Luxemburgische Zeitgeschichte

Presenter: Teaching History in Luxembourgish Secondary Schools in the 1950s-1970s: Ideas and Experiments

‘We don’t like over-emphasised patriotism; our national experience is simply more reserved than that of our larger neighbours. Since we do not feel as the significant part in big developments, such as is the case of for example France and Germany, we are forced from the outset to a certain modesty’, Fanny Beck-Mathekowitsch wrote in the pedagogical student thesis she submitted in order to receive a Luxembourg teacher’s accreditation in 1952. Like other aspirant teachers to the Luxembourg school system, Beck-Mathekowitsch had received her university training abroad, after which she had enrolled for a two-years internship in a Luxembourg school.
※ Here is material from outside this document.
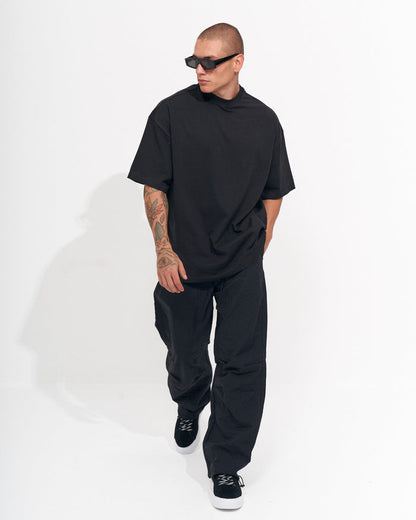 Martin Valen men's black baggy pant, rear view of model standing, loose fit with back of t-shirt and waistband visible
The 21 pedagogical theses written throughout the 1950s and 1970s that are preserved in the Luxembourg National Archives shed new light on how history teaching in Luxembourg was researched and discussed by students. Given the absence of a research infrastructure in Luxembourg, these theses offer a unique insight in how history was taught, as well as how newcomers to the profession thought and experimented with how it should be taught. Through an investigation of hitherto unexplored historical sources, this chapter brings the reader as close as possible to the Luxembourg history classroom in the years after the Second World War.